Opened 6 years ago
Last modified 3 years ago
#5141 new defect
Issues with the solution of fluid system models with low delta-p components
Reported by: | Francesco Casella | Owned by: | Lennart Ochel |
---|---|---|---|
Priority: | high | Milestone: | |
Component: | Run-time | Version: | |
Keywords: | Cc: | Bernhard Bachmann, Karim Adbdelhak, Andrea Bartolini |
Description (last modified by )
Consider the attached test case. Please note you need the latest version of ThermoPower (https://github.com/casella/ThermoPower/commit/e3d010caa7912e66dea9f17e862ff5a51cb38a0a [commit e3d010]) to avoid issues with min/max attributes.
The test case models a circuit with a pressure source and a pressure sink around atmospheric pressure. In between, steam flows through a valve, a volume, two series-connected pressure losses, another volume, and another valve.
At initialization, the flow is about 1 kg/s, and the total pressure difference between the two volumes, 10000 Pa, is most taken by the two valves, with 5000 Pa each.
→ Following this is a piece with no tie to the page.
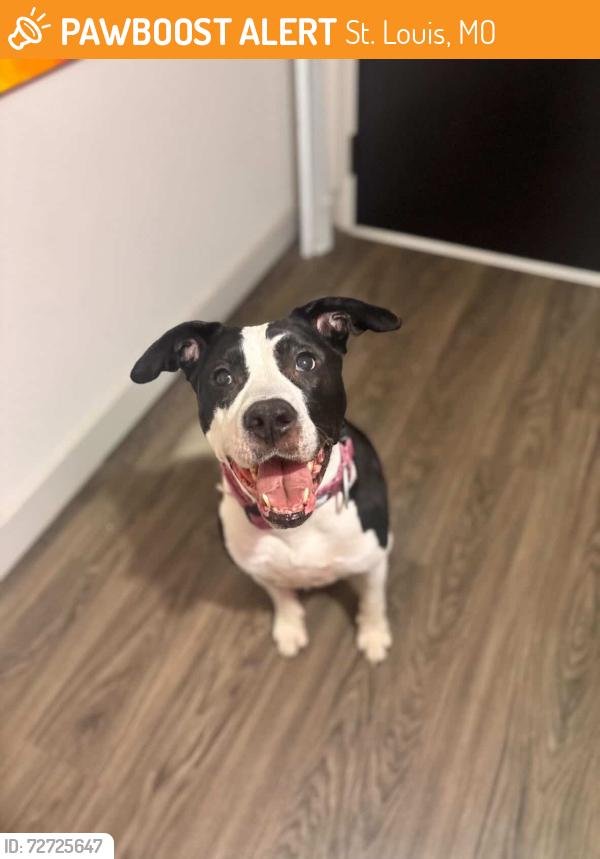 Found/Stray Female Dog last seen 9th and Locust, St. Louis, MO 63101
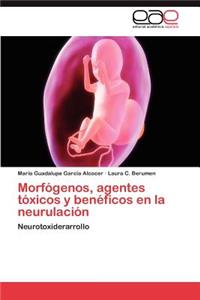 Morfogenos, Agentes Toxicos y Beneficos En La Neurulacion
The two pressure losses take only 10 Pa in Test1
; 10 and 50 Pa in Test2
. Since there is no volume in-between, an algebraic loop is formed, with the mass flow rate through the two components pressDrop1.w
as tearing variable.
This situation is representative of hydraulic and pneumatic circuits, where components with relatively high absolute pressure states are connected by flow models with very small quadratic pressure losses, and where direct connections between flow models without control volumes in-between can happen because of the connections of modules having a flow model directly attached to the fluid connector on each side. This situation is in fact very commonplace.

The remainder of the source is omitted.